The only thing Peters claimed with certainty was that Dunne leaked the Kitteridge report. He accused Dunne of this under the protection of parliamentary privilege. And he accused Dunne outside Parliament after the release of the Henry report.

Peters was told by someone that evidence pointed strongly at Dunne being guilty of leaking, but it is likely no specifics where given, as it became obvious Peters had no evidence.

It seems that someone who was credible to Peters told him just enough information to give him confidence to accuse Dunne.

Who leaked to Peters?

Someone with inside knowledge of the progress of the David Henry investigation must have leaked to Peters, either directly or via an intermediary.

I’d be very surprised if David Henry was directly or knowingly involved in the leak to Peters. That would be contrary to his reputation as a trusted public servant. But it should be noted that many were surprised that Dunne would have leaked. A number of journalists commented on this – Colin Espiner said:

Why do politicians leak so badly? There are many reasons. Sometimes they need to get information out in the public arena but can’t release it themselves. Sometimes they do it for venal reasons, such as to spite an enemy – or just as often, a colleague. Sometimes they do it because they believe it is right. And sometimes, just because they can. Being privy to an enormous amount of sensitive and juicy information is just too much for some MPs.

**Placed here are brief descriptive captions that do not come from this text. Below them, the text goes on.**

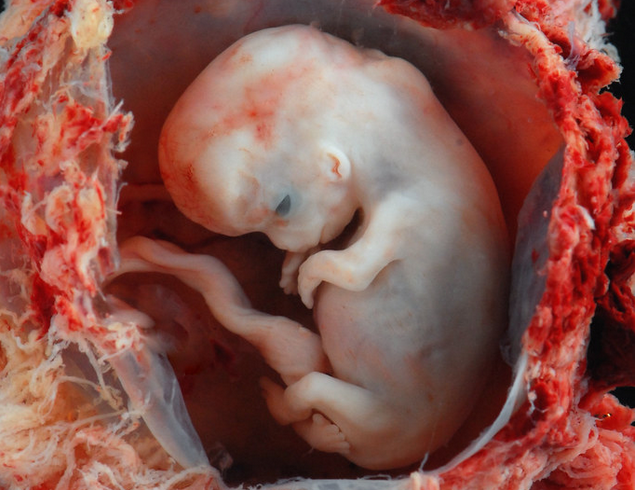 Unregulated IVF Destroys More Babies Annually Than Abortion Industry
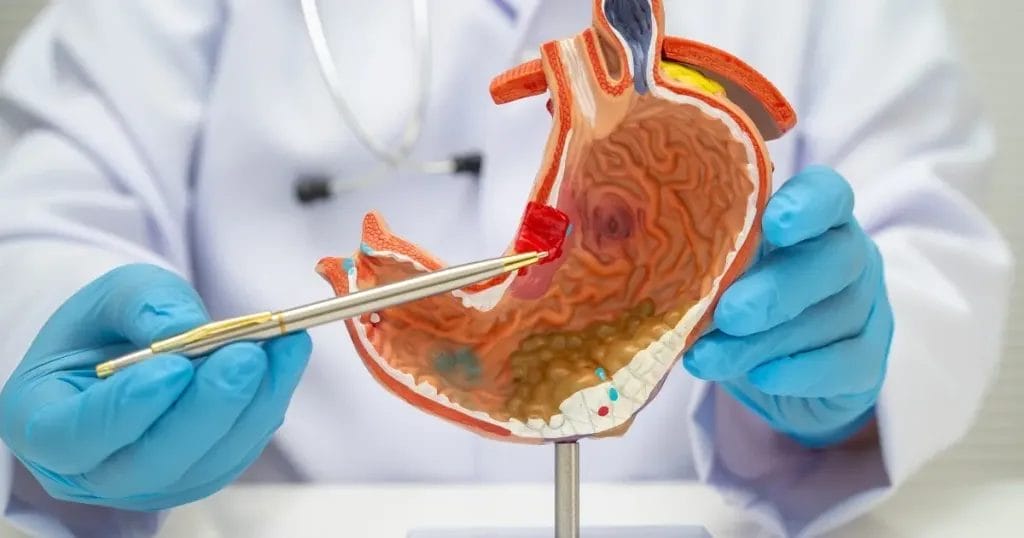 أعراض قرحة الاثني عشر
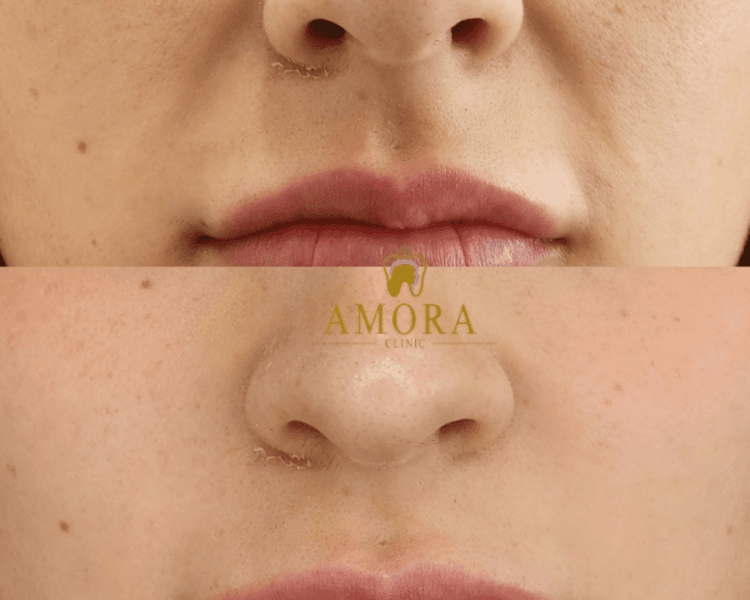 Relleno de surcos nasogenianos –$200.000 (M. Hyafilia)/ $260.000 (M. Juvederm)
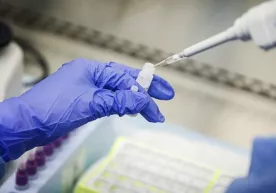 Биолог коронавирусдан ҳимояланиш бўйича «аниқ маслаҳат» берди фото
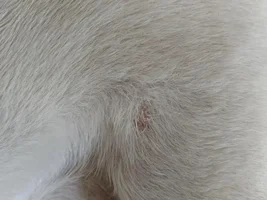 Skin problem small bumps, yeast? allergy?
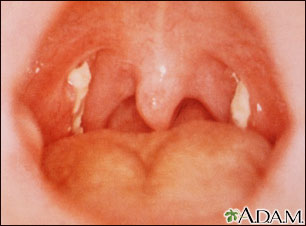 Mononucleosis: vista de la garganta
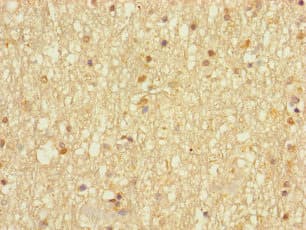 DHRS13 Antibody
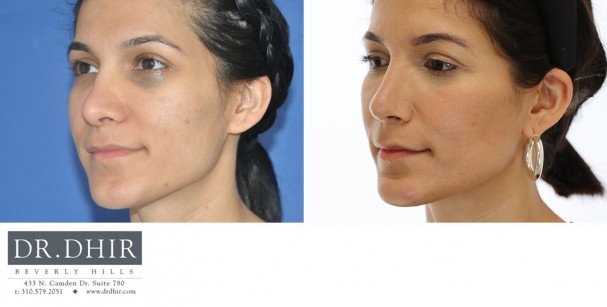 32 year old Middle Eastern Female presents for revision rhinoplasty for bulbous tip and excessive columellar hang.  A revision rhinoplasty was performed with rib graft cartilage to support and refine the nasal tip.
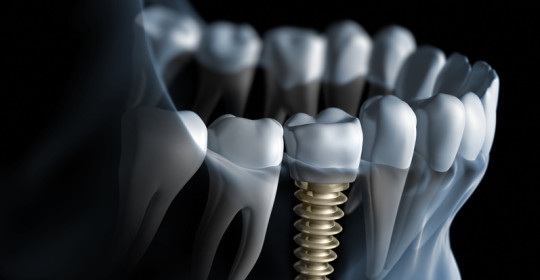 Implanty stomatologiczne w technologii 3D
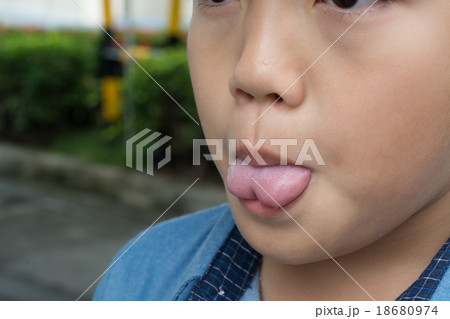 Tongue Tie 18680974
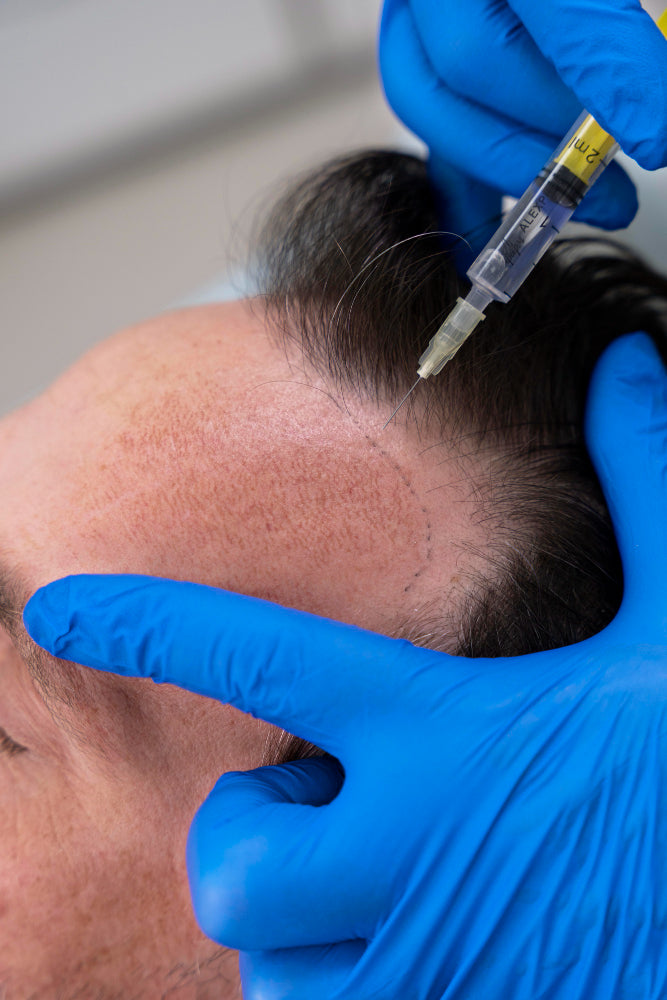 Hair Transplant (FUE)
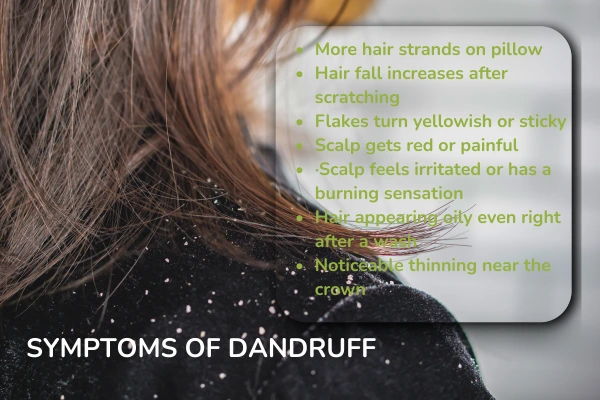 Symptoms of dandruff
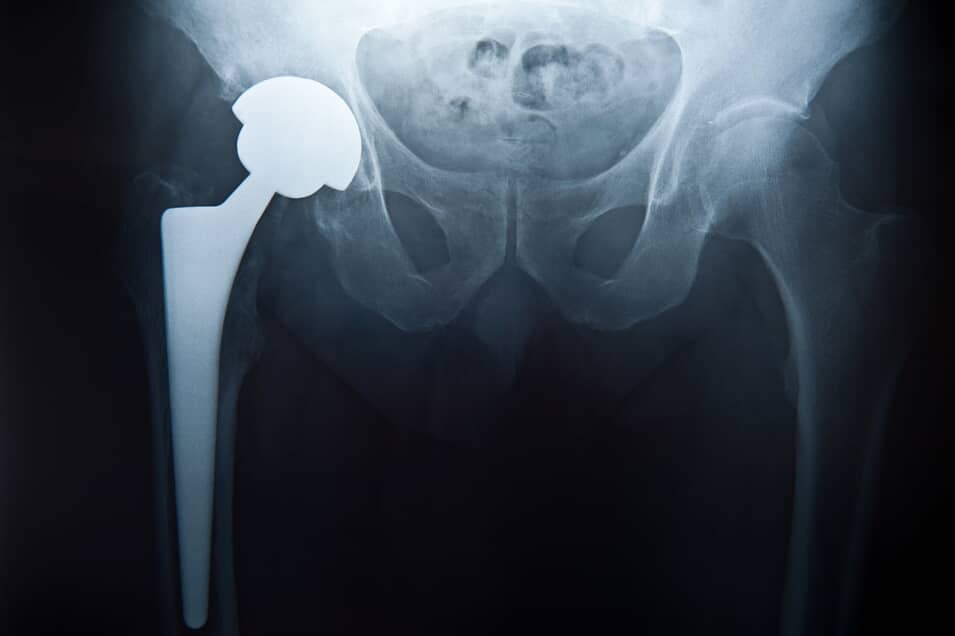 Symptoms of a Defective Hip Replacement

The only surprise is that Dunne became one of those. His nickname was Captain Sensible.

It was be as much if not more of a surprise if Henry leaked.

But there were others involved in Henry’s investigation. This is detailed in his report.

Appendix Three: Processes used in the inquiry


2. The Inquiry was led by David Henry. Isaac Holliss, from DPMC, was seconded for six weeks to assist him. Substantial assistance, particularly in the gathering of records, was also provided by staff at the GCSB, the Parliamentary Service, Ministerial Services, and DPMC.

I think it’s unlikely the leak would have been from anyone in the DPMC (Department of the Prime Minister and Cabinet). They should be loyal to Key and to the National cabinet. But it can’t be ruled out.

I don’t know what involvement the Parliamentary Service or Ministerial Services had. A clerk from the Parliamentary Service is the prime suspect in the MFAT leak to Phil Goff and there are rumours that it was a politically motivated leak. The suspect has had their previous employment suppressed, and Labour have argued strongly for this investigation not to go ahead and for information not to be made public.

The GCSB has to be a quite likely potential source of the leak.

Last year there was a very similar type of leak from GCSB to David Shearer, where Shearer claimed there was evidence of a recording that implicated John Key in not being truthful about his knowledge of Kim Dotcom.

Like Peters Shearer was unable to produce any evidence and was strongly criticised and embarrassed by his failed accusation.

It is not out of the question that a similar leak occurred here, either directly to Peters or via an intermediary.

There is nothing to implicate Labour in this – apart from close similarities with the Shearer attempt to score a hit on Key.

It appears that someone in the GCSB attempted to damage Key and his Government last year. It could have been tried again.

It’s not known whether Peter Dunne was just collateral damage when targeting the Government, or whether he was also seen as someone to be punished. Dunne had already expressed concerns about the GCSB.

And it is likely that the leaker would know Dunne would be far less able to defend himself and fight back than if the Government was directly attacked.

If public servants have been involved in using Winston Peters to damage Dunne and the Government it must be a serious issue. Surely it deserves much more scrutiny.

Winston Peters is happy to be scoring hits against an old foe but it’s likely he has just been a convenient tool.

This is not just about whether Dunne has been hard done by or not.

If someone in the public service is using leaks to attack the Government to the extent that it potentially threatens the viability of the Government that is very serious stuff.

Why does no one seem to care about it?